====== Dataset extract
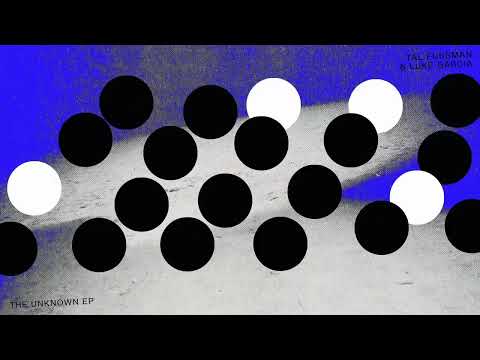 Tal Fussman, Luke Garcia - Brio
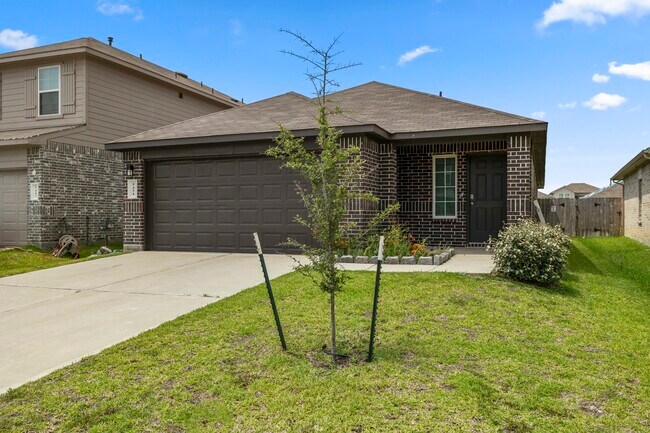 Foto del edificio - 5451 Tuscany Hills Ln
============
====== Dataset extract
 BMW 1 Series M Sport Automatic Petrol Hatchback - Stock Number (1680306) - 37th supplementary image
============
**Your assignment**
What are the lines in the records above, word for word, from the one containing "Tal Fussman, Luke Garcia - Brio" through the one containing "Foto del edificio - 5451 Tuscany Hills Ln", both ends included and pictures left out?

**Your response**
 Tal Fussman, Luke Garcia - Brio
 Foto del edificio - 5451 Tuscany Hills Ln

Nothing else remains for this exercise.